Carbon is an inexpensive material found throughout the world and is used in many different materials, ranging from water filters all the way to air deodorizers. Now, the scientists are still working on what is known as the pore connectivity. Carbon doesn’t have the same kind of connectivity element as is the case with standard batteries, which means there can be a reduction in the continual energy flow, should the pores stop connecting with one another. Once it is completely figured out how to correct this issue, the Stanford battery should prove to be not only more environmentally friendly, but a battery that can drastically increase the amount of energy that can be stored inside of the battery.
The Stanford designer carbon battery is currently undergoing testing where the processing temperature is increased drastically, from 750 degrees to 1,650 degrees (Fahrenheit). This improves the pore volume by 1,000 percent. With the increase in internal temperature, it allows the battery to maintain continual connectivity power. As long as this temperature is maintained, there should be no problem using the carbon battery.
There are all sorts of potential advancements that hinge on this battery potential. It is not just allowing a mobile phone to maintain a longer battery life and to avoid changing the AAA batteries on the remote control as frequently. This can improve the battery life on electric vehicles, which means the charge lasts longer, in turn boosting the driving distance a vehicle can travel without needing a charge.
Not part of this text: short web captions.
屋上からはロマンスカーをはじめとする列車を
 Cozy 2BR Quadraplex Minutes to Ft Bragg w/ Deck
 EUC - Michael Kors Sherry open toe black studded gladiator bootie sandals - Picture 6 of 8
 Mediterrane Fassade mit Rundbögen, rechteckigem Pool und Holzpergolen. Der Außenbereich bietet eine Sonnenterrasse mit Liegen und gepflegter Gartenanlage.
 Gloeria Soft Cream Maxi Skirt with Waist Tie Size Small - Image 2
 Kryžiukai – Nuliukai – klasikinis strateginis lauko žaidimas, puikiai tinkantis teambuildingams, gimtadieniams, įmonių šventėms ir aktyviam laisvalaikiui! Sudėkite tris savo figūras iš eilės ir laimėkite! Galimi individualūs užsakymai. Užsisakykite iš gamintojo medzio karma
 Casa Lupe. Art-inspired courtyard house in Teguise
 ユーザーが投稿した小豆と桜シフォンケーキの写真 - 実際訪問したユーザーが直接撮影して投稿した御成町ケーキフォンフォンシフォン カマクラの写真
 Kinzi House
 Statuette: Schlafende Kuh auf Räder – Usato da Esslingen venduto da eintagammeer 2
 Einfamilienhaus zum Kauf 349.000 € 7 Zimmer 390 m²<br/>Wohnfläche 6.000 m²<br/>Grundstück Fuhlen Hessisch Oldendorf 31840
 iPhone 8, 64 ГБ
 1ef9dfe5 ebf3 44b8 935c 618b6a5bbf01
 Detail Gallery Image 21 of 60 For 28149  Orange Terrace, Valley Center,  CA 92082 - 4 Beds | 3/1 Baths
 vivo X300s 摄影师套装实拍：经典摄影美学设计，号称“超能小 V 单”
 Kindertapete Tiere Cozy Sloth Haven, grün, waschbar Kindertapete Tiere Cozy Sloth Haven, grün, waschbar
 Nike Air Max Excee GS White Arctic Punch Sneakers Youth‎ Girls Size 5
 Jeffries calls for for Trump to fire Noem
Currently, outside of the Tesla models, most electric vehicles are limited to under a 100 mile driving radius, which makes any real driving road trip impossible to do simply on an electric battery charge. The designer carbon battery may change that. Furthermore, spaceflight and exploration heavily depends on batteries, so with NASA and other international partners working toward restoring the exploration of the moon and Mars—and to also have a sustained human presence on the moon—these kinds of batteries may prove extremely beneficial and helpful for the crew and even all of mankind.